Managing memory in iPhone applications

I program all day in C# and C++ at my day job, so Objective-C is both natural to me (because of a mostly familiar syntax) and unnatural (because of it’s many differences). In terms of memory management, Objective-C splits the difference between C# and C++. On the iPhone, Objective-C does not have a GC, but NSObject (the base class for all of your classes) supports reference counting. Of course, you could build the exact same mechanism in C++, but it’s pervasive and included in ObjC and there’s also some support in the app runtime for an autorelease concept (release will get called for you on an object at some point when the runtime has control — you are safe in the rest of your stack frame).

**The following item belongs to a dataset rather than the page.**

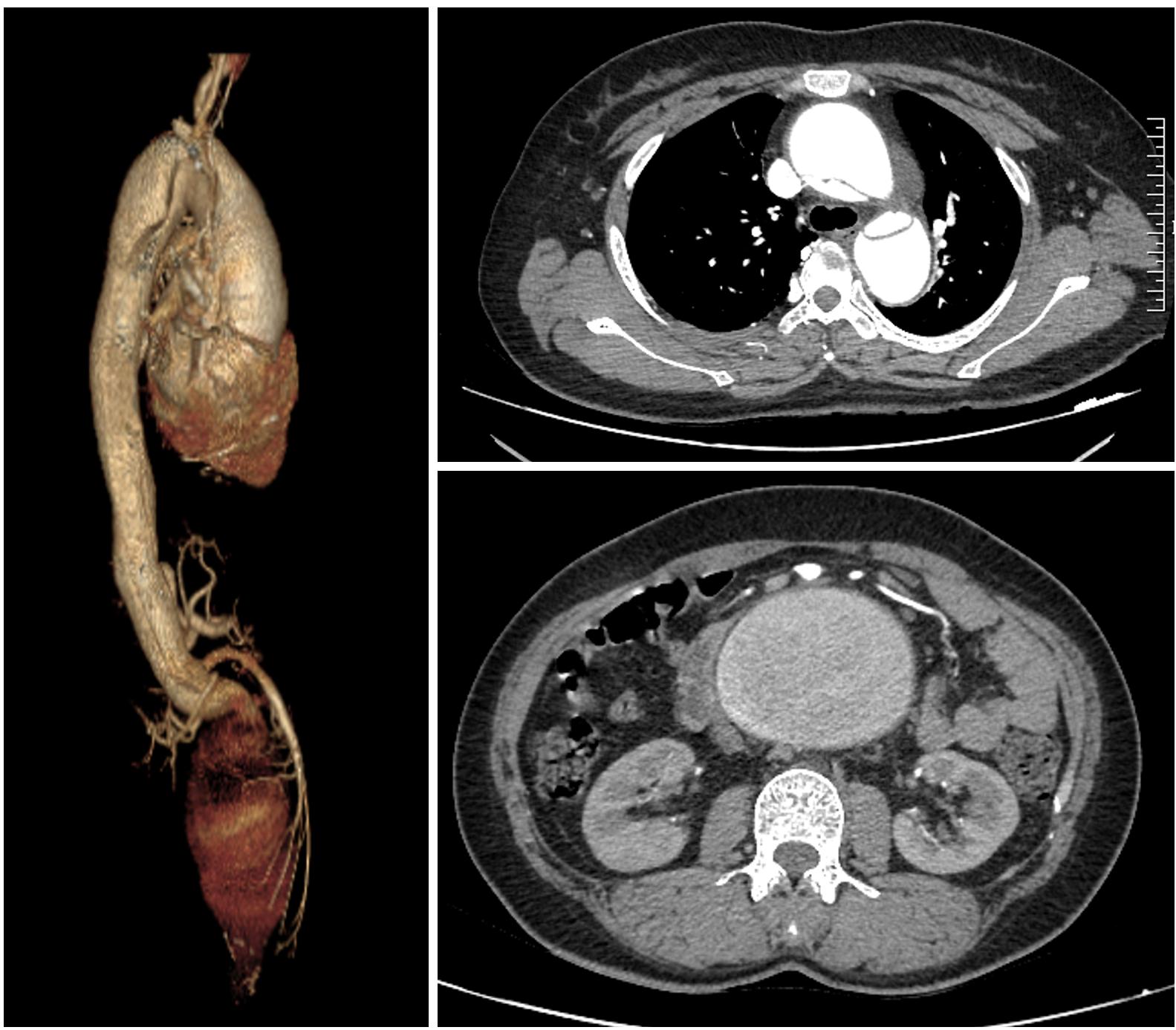 创造生命奇迹：近 1 米长的人体大动脉血管被全部替换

When I first started Habits, I didn’t really read through the entire memory management API (there were so many other APIs to read) because I have been using reference counting for a long time (old COM programmer) and the awesome leak detector included in XCode was a good enough guide to what I was doing wrong.

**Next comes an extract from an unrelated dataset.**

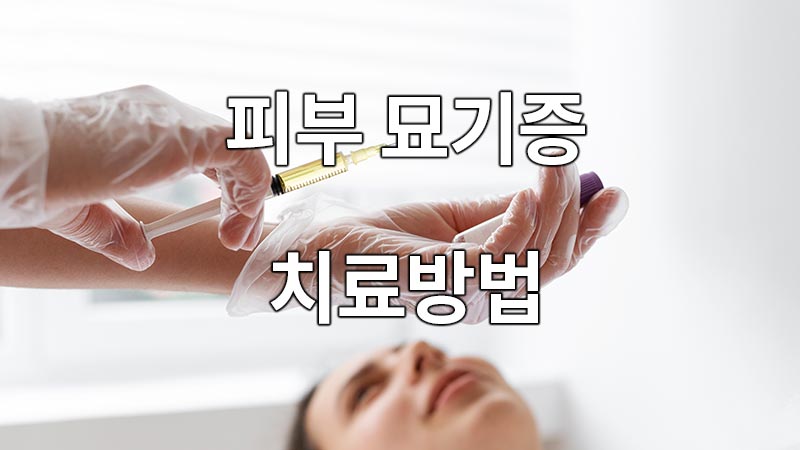 피부 묘기증의 치료방법
Treatment of Skin Surgeons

However, the rules are really simple, and now that I know them, I never run into memory management issues:

  1. Declare all of your object pointer @properties as retain unless you have a really good reason not to. Then the setter that is generated will automatically call retain when you assign. When you reassign, it knows to call release on the old value.
  2. In your dealloc, assign all of your @properties to nil. This has the effect of calling release on the current values if they are not already nil.
  3. alloc returns an object with a reference count of 1 — so you have to balance with a release.
  4. If you alloc, then you should try to release in that same function. To retain the value, assign it to something that retains. Exceptions are if you are a factory function that is returning a value up to be retained by the caller.
  5. Obviously, each retain call needs a release.
  6. Built-in convenience functions return objects that are autoreleased. That means you shouldn’t call release on them — the framework will call release at some point (they are registered in an autorelease pool that that is serviced when you return back to the framework). If you created the object without an alloc/init pair, you don’t need to call release unless the docs say you do (but they probably don’t)
  7. Check all of your work with the leak detector. Also, if you crash, you’re probably doing it wrong — I will have more to say on that soon.

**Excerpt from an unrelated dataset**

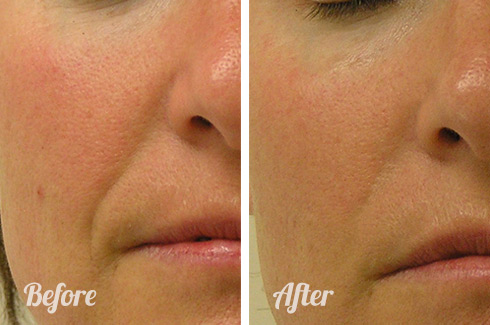 Before and after hydrafacial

I highly recommend that you read
Very Simple Rules for Memory Management in Cocoa on stepwise.com. Keep in mind that the suggestions for building proper setters is handled automatically if you declare your @properties correctly.

iPhone Development Tips

Having now gone through getting Habits built, tested and on the App Store, I wanted to share these tips on getting started with iPhone development:

  1. Go enroll in the iPhone developer program before you start. Yeah, I know — it’s 99 bucks. But if you have an idea and a reasonable chance of doing it, just take the plunge. I joined after I finished, and that caused a lot of delays — I could have been completing the other necessary steps in parallel.
  2. As soon as you’re in, go get your application contracts going. If you want to make paid applications, you have to give Apple your tax and bank information. Again, it takes some time to get approved, so start early.
  3. If you don’t know Objective-C — don’t worry, that’s the easy part. The primer on the iPhone developer site should be good enough if you know C/C++.
  4. For Cocoa Touch, I recommend Erica Sadun’s iPhone Developer’s Cookbook. The chapter on coverflow is worth the price of the book, but everything else is there too (navigation, touch, location, contacts, etc)
  5. I also highly recommend iCodeBlog. Once you have some basic knowledge of the framework, check out the to-do application tutorial.


Update: just found this great flowchart of the right order to do things

Announcing Habits

I have been working on my first iPhone app for the last few weeks. It is a GTD companion application to help with recurring to do items with an indefinite schedule. It’s called Habits, because I think it will help you form (good) habits. Soon to be available on the App Store.